The Gorillaz closing Coachella 2010 set was marked by a lot of firsts. It was the "virtual hip-hop group"'s first live performance in five years, the first time they had the Clash's Mick Jones and Paul Simonon (in sailor suits, too) on stage with them and the first time they didn't perform backlit behind a giant screen. It was also the first time they performed live with soul hero Bobby Womack.

Womack appeared twice on stage delivering his two contributions off the Gorillaz new third studio album 'Plastic Beach' -- the hypnotic 'Stylo' and acoustic encore with frontman Damon Albarn, 'Cloud of Unknowing.' And while Womack helped Albarn end things, Snoop "D-O-double-G" started it off. The band walked on stage beneath a giant video wall, while the Doggfather delivered 'Plastic Beach''s intro track, 'Welcome to the World of the Plastic Beach,' sampling from Gil-Scott Heron's rap-poem 'The Revolution Will Not Be Televised.' While Snoop's part was delivered via video, the Gorillaz set didn't stop short of guest performers. Little Dragon's Swedish-Japanese vocalist Yukimi Nagano crept up onstage during the build of the groovy electronic number 'Empire Ants,' providing her delicate almost Sade-like vocals on her first live performance with the band.

The band flip-flopped mostly between their last two albums, bringing out De La Soul to amp the crowd on the colorful and info-mercial-inspired 'Superfast Jellyfish.' Albarn paraded across stage waving a giant white flag during 'White Flag,' while sketches from the band's video treatment for their next single, 'On Melancholy Hill,' flashed on the video wall during that track. The set was eye candy, and even featured Red Hot Chill Peppers bassist Flea, who performed with Thom Yorke an hour prior, rocking out in the front row of the pit.

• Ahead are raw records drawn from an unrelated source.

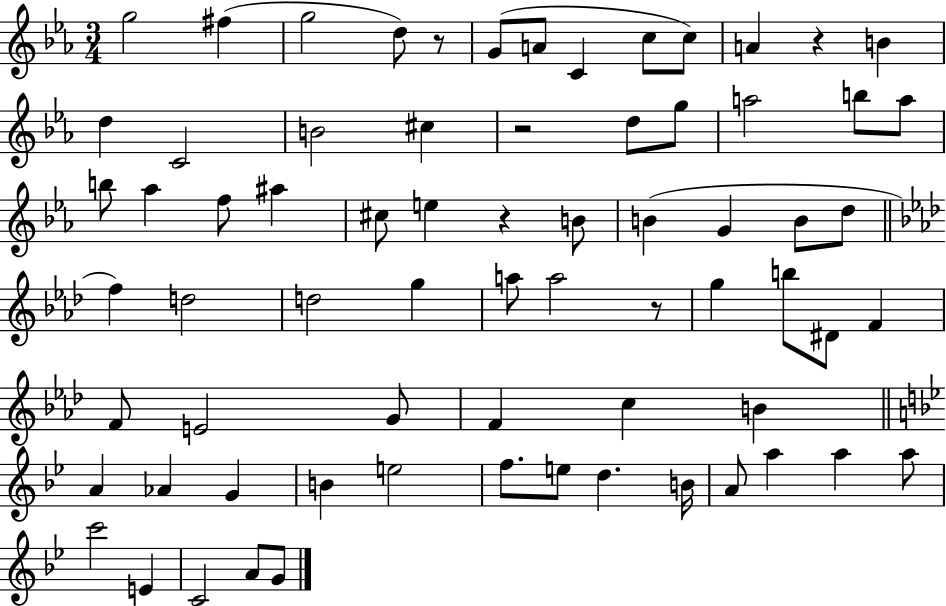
X:1
T:Untitled
M:3/4
L:1/4
K:Eb
g2 ^f g2 d/2 z/2 G/2 A/2 C c/2 c/2 A z B d C2 B2 ^c z2 d/2 g/2 a2 b/2 a/2 b/2 _a f/2 ^a ^c/2 e z B/2 B G B/2 d/2 f d2 d2 g a/2 a2 z/2 g b/2 ^D/2 F F/2 E2 G/2 F c B A _A G B e2 f/2 e/2 d B/4 A/2 a a a/2 c'2 E C2 A/2 G/2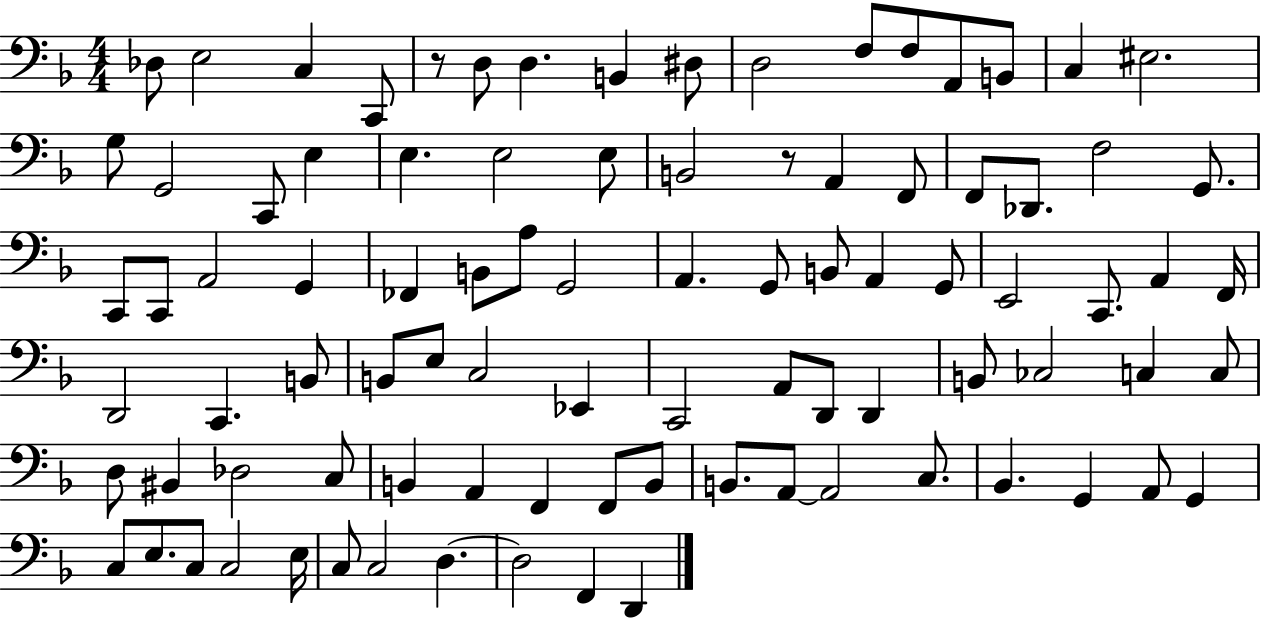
X:1
T:Untitled
M:4/4
L:1/4
K:F
_D,/2 E,2 C, C,,/2 z/2 D,/2 D, B,, ^D,/2 D,2 F,/2 F,/2 A,,/2 B,,/2 C, ^E,2 G,/2 G,,2 C,,/2 E, E, E,2 E,/2 B,,2 z/2 A,, F,,/2 F,,/2 _D,,/2 F,2 G,,/2 C,,/2 C,,/2 A,,2 G,, _F,, B,,/2 A,/2 G,,2 A,, G,,/2 B,,/2 A,, G,,/2 E,,2 C,,/2 A,, F,,/4 D,,2 C,, B,,/2 B,,/2 E,/2 C,2 _E,, C,,2 A,,/2 D,,/2 D,, B,,/2 _C,2 C, C,/2 D,/2 ^B,, _D,2 C,/2 B,, A,, F,, F,,/2 B,,/2 B,,/2 A,,/2 A,,2 C,/2 _B,, G,, A,,/2 G,, C,/2 E,/2 C,/2 C,2 E,/4 C,/2 C,2 D, D,2 F,, D,,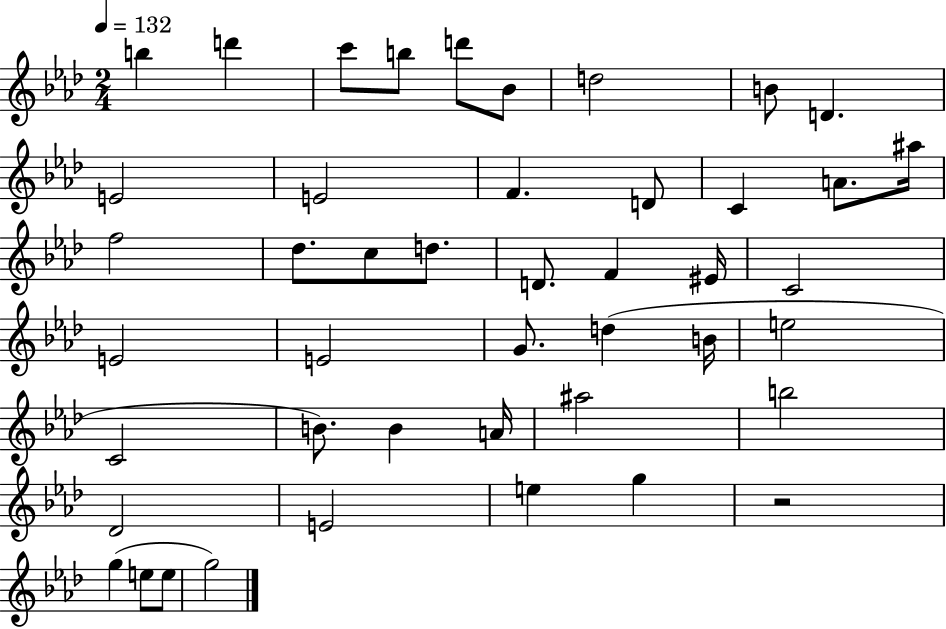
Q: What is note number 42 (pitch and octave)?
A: E5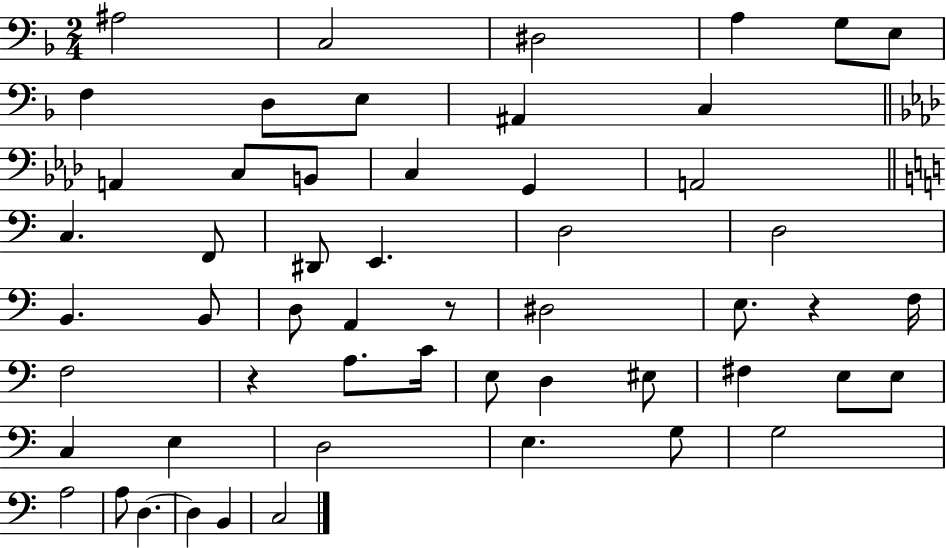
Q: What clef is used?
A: bass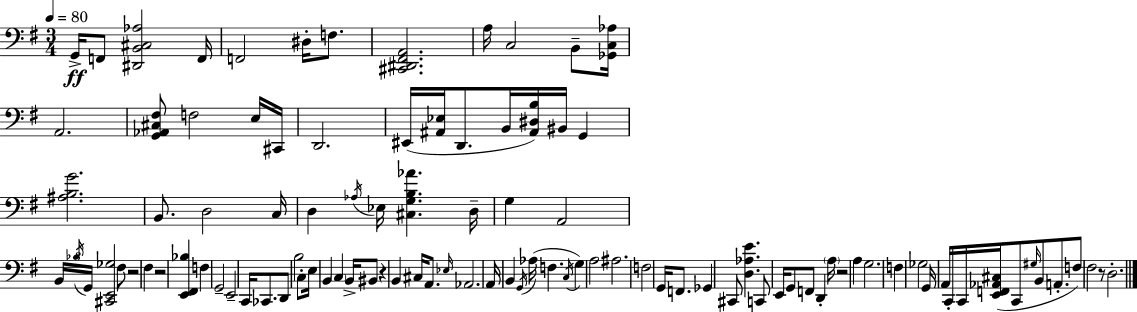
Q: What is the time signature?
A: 3/4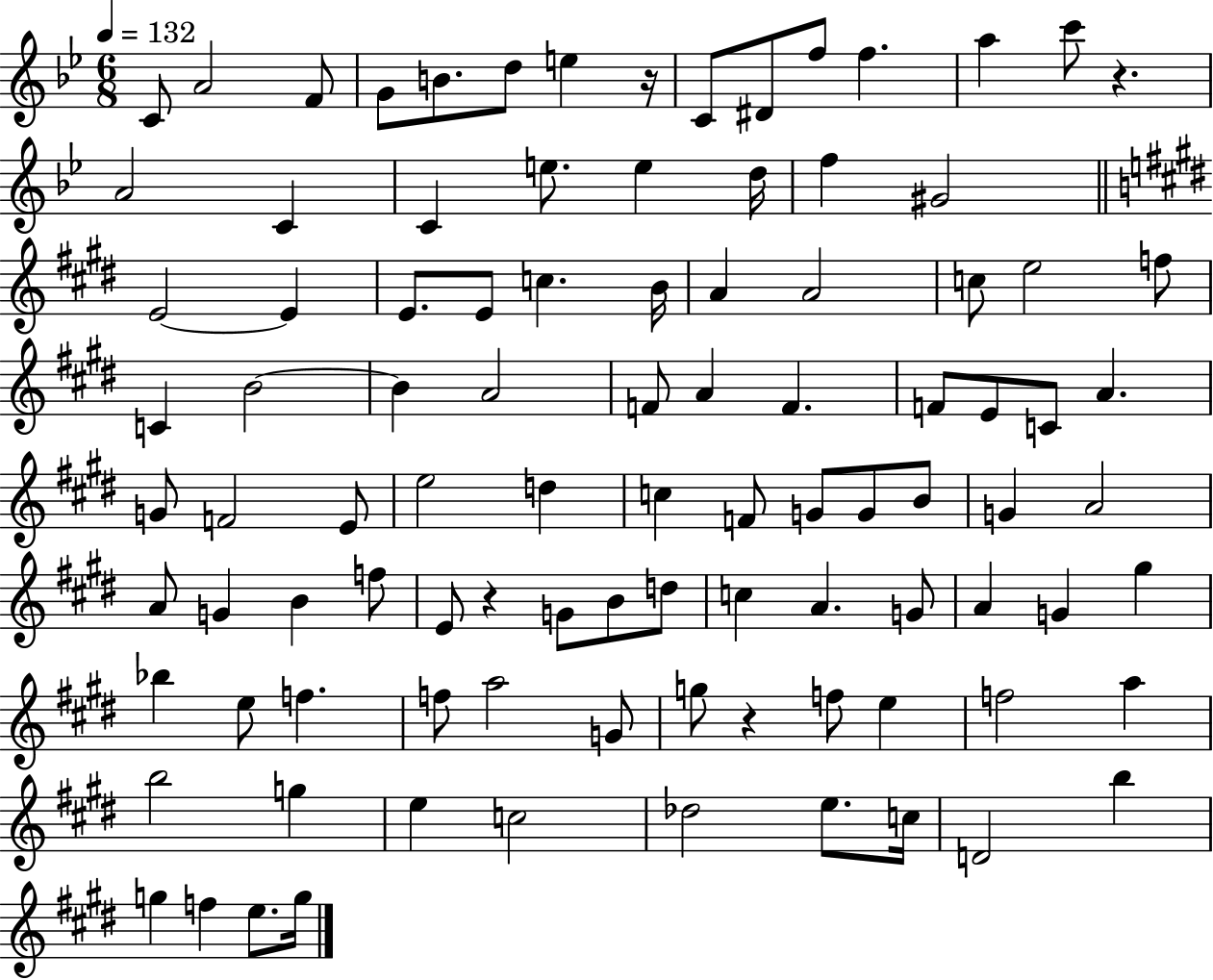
C4/e A4/h F4/e G4/e B4/e. D5/e E5/q R/s C4/e D#4/e F5/e F5/q. A5/q C6/e R/q. A4/h C4/q C4/q E5/e. E5/q D5/s F5/q G#4/h E4/h E4/q E4/e. E4/e C5/q. B4/s A4/q A4/h C5/e E5/h F5/e C4/q B4/h B4/q A4/h F4/e A4/q F4/q. F4/e E4/e C4/e A4/q. G4/e F4/h E4/e E5/h D5/q C5/q F4/e G4/e G4/e B4/e G4/q A4/h A4/e G4/q B4/q F5/e E4/e R/q G4/e B4/e D5/e C5/q A4/q. G4/e A4/q G4/q G#5/q Bb5/q E5/e F5/q. F5/e A5/h G4/e G5/e R/q F5/e E5/q F5/h A5/q B5/h G5/q E5/q C5/h Db5/h E5/e. C5/s D4/h B5/q G5/q F5/q E5/e. G5/s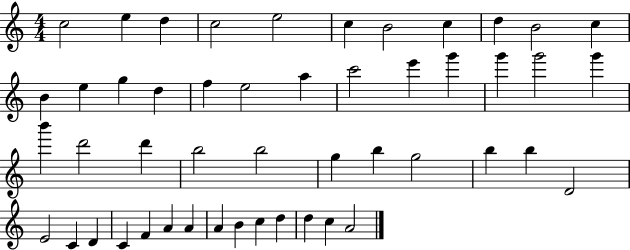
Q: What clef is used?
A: treble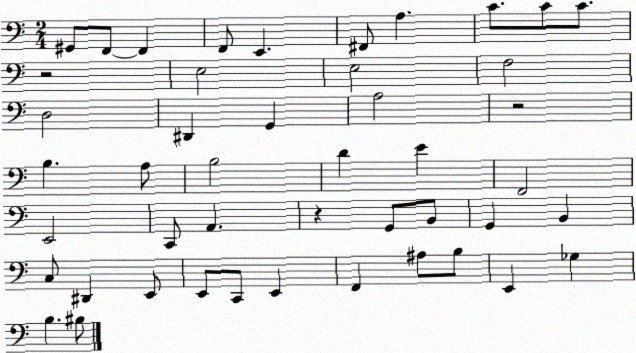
X:1
T:Untitled
M:2/4
L:1/4
K:C
^G,,/2 F,,/2 F,, F,,/2 E,, ^F,,/2 A, C/2 C/2 C/2 z2 E,2 E,2 F,2 D,2 ^D,, G,, A,2 z2 B, A,/2 B,2 D E F,,2 E,,2 C,,/2 A,, z G,,/2 B,,/2 G,, B,, C,/2 ^D,, E,,/2 E,,/2 C,,/2 E,, F,, ^A,/2 B,/2 E,, _G, B, ^B,/2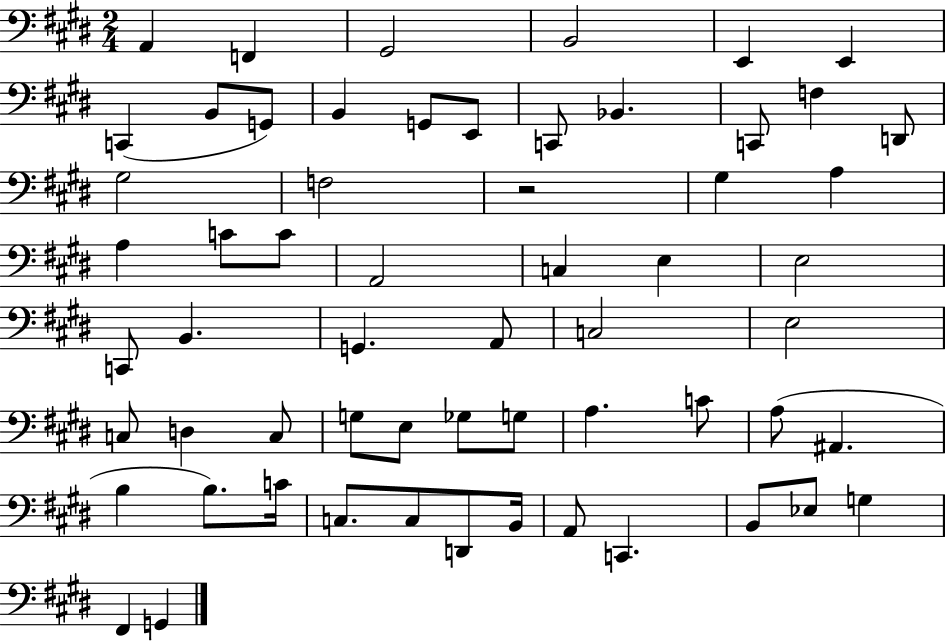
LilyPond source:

{
  \clef bass
  \numericTimeSignature
  \time 2/4
  \key e \major
  a,4 f,4 | gis,2 | b,2 | e,4 e,4 | \break c,4( b,8 g,8) | b,4 g,8 e,8 | c,8 bes,4. | c,8 f4 d,8 | \break gis2 | f2 | r2 | gis4 a4 | \break a4 c'8 c'8 | a,2 | c4 e4 | e2 | \break c,8 b,4. | g,4. a,8 | c2 | e2 | \break c8 d4 c8 | g8 e8 ges8 g8 | a4. c'8 | a8( ais,4. | \break b4 b8.) c'16 | c8. c8 d,8 b,16 | a,8 c,4. | b,8 ees8 g4 | \break fis,4 g,4 | \bar "|."
}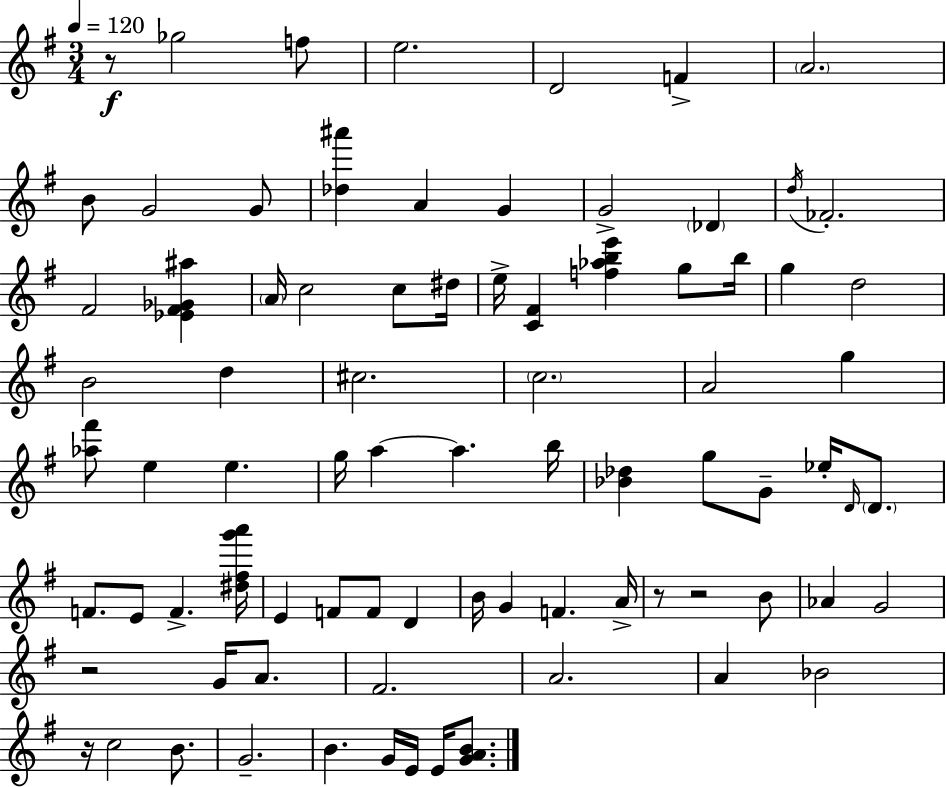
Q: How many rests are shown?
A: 5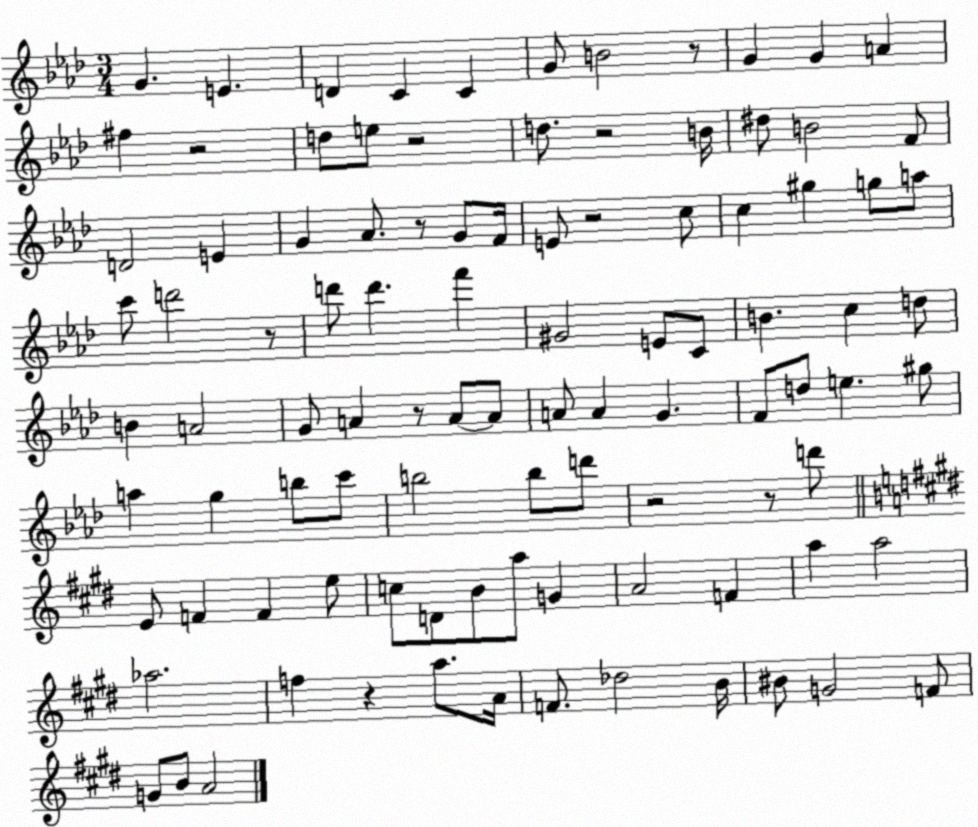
X:1
T:Untitled
M:3/4
L:1/4
K:Ab
G E D C C G/2 B2 z/2 G G A ^f z2 d/2 e/2 z2 d/2 z2 B/4 ^d/2 B2 F/2 D2 E G _A/2 z/2 G/2 F/4 E/2 z2 c/2 c ^g g/2 a/2 c'/2 d'2 z/2 d'/2 d' f' ^G2 E/2 C/2 B c d/2 B A2 G/2 A z/2 A/2 A/2 A/2 A G F/2 d/2 e ^g/2 a g b/2 c'/2 b2 b/2 d'/2 z2 z/2 d'/2 E/2 F F e/2 c/2 D/2 B/2 a/2 G A2 F a a2 _a2 f z a/2 A/4 F/2 _d2 B/4 ^B/2 G2 F/2 G/2 B/2 A2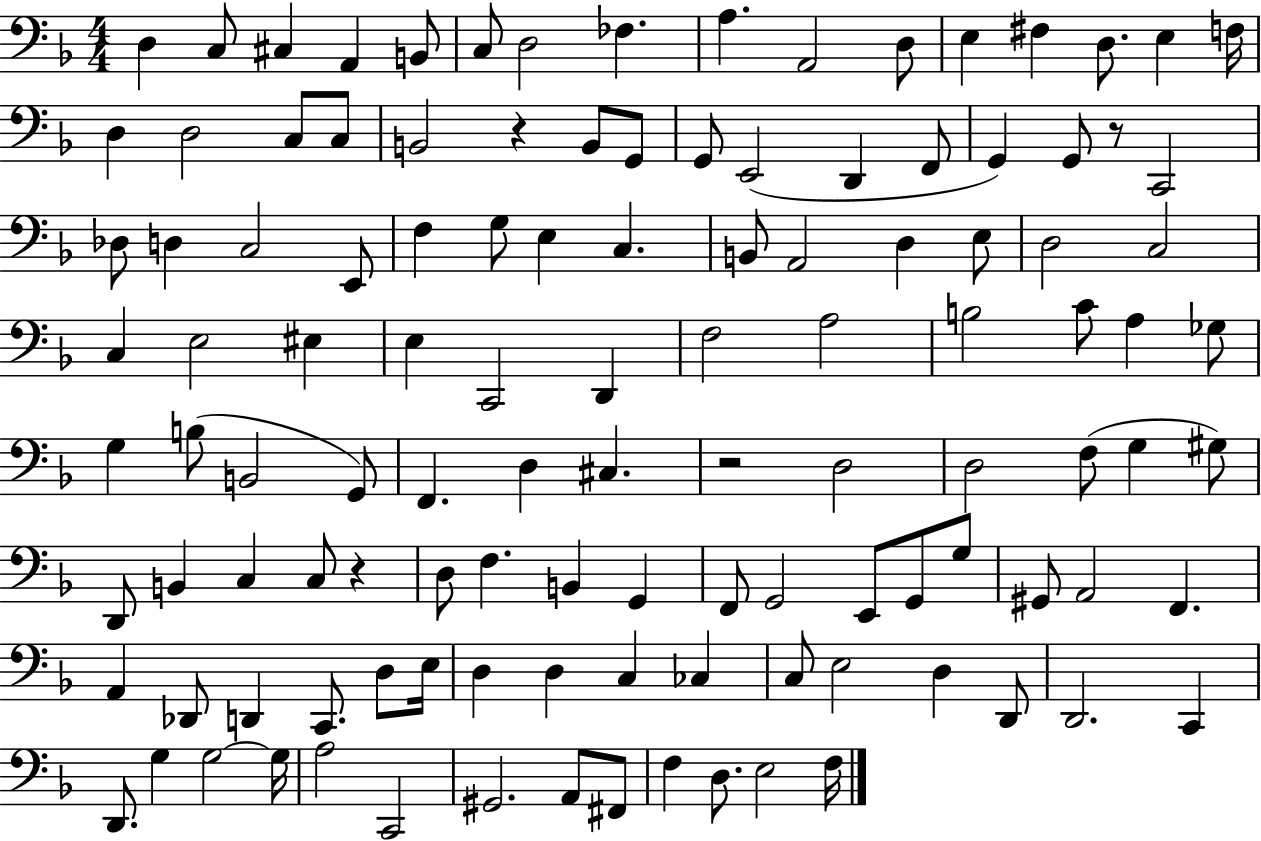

De la returned during the encore for 'Feel Good Inc,' a fan favorite off Gorillaz's 2005 sophomore effort, 'Demon Days.' Vincent Mason, responsible for the cackle on the track repeatedly laughed into the mike, never missing a beat. For all the different elaborate elements that went into the Gorillaz closing out Coachella, their set came off just as good, if not better than the virtual group's three albums themselves.